Понимаете, Федор – художник способный. Не выдающшийся. Нет, и даже не очень оригинальный, что так распространено среди сегодняшних новых. Но основа для движения вперед явно была. На одной из выставок молодых он представил свои работы. А жюри, представьте себе, даже не попыталось оценить его творчество. Просто посмотрели при общем обходе и все. И ни полслова автору.

Я попыталась тогда успокоить его, убедить, что нужно еще много работать, что в нем есть искорка таланта.

…Никогда не забуду этого его взгляда. Он так презрительно оглядел меня, вот так, сверху донизу, и тихо сказал «цыц». Как будто я и есть источник всех его бед.

В общем, мы расстались, не успев крепко подружиться. Мне рассказывали, что он стал гулять, выпивать и даже дебоширить. Получается, он сдался, сдался с первого раза, не захотел постоять ни за себя, ни за свое творчество… – Марианна сделала паузу. – Да и за меня тоже. Одна выставка, одна первая неудача и все.
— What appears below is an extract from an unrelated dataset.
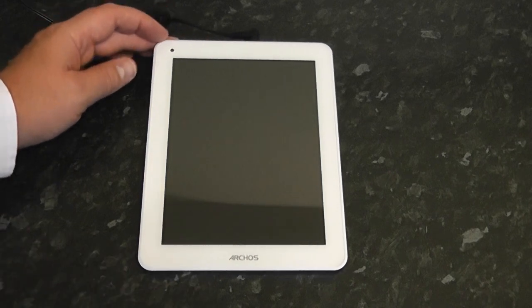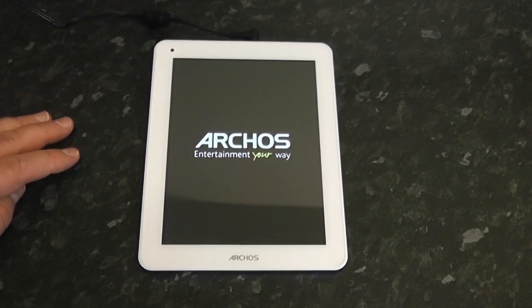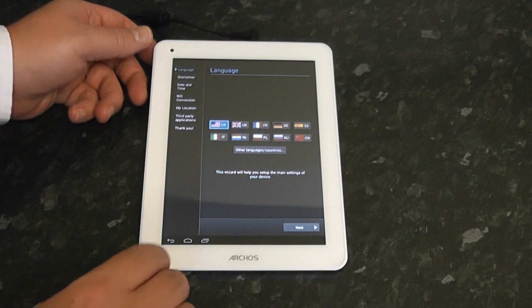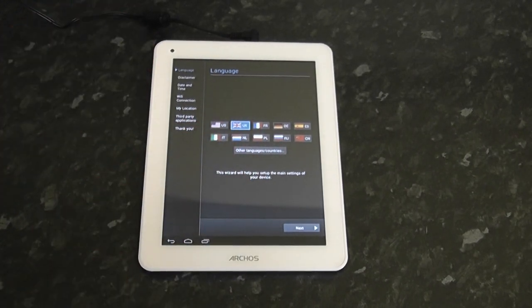We'll put some power into this right now. I'm going to power this up for the first time and set this tablet up. There's a little flashing logo on boot up. I'm really impressed with this device because it's such a low cost but really high quality — a good build for the money. I'll select my language and go through the setup.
Сломался! Мне очень жаль Федора. Не без способностей. Ой, да что ж я так разболталась, не мое это дело.

– Нет, нет, Марианна, интересно. Слушать вас интересно.

Девушка внимательно посмотрела на Вигдора.

– Я же не сказала ничего особенного, вы явно пытаетесь сделать комплимент.

– Пытаюсь, но, видимо, не получается.

– А вы женаты, Вигдор Борисович? – в лоб спросила Марианна.

– Вигдор Борисович не женат.

– Правда?

– Истинная.

– Мне мама, когда жива была, запретила с женатиками встречаться. «Неча говорит, Марьянка, смуту за собой сеять». А я бы и не поверила, что вы без семьи.

– Верьте.

– А я тоже, представьте себе, «одинокая гармонь», – рассмеялась Марианна. – Это моя соседка, профессорша из университета, так сама себя называет. Вся жизнь была отдана общественным наукам. Теперь вдруг оказалось, что политэкономии социализма нет и быть не может, и философия марксизма штука выдуманная. История КПСС, «разумеется» сказочная страна, в отечественной истории все переврали и сами же запутались. Ну вот и осталась моя профессорша без науки и теперь считает, что «одинокая как гармонь».

– Жаль вашу общественницу. Когда рушатся надежды, всегда легко потеряться.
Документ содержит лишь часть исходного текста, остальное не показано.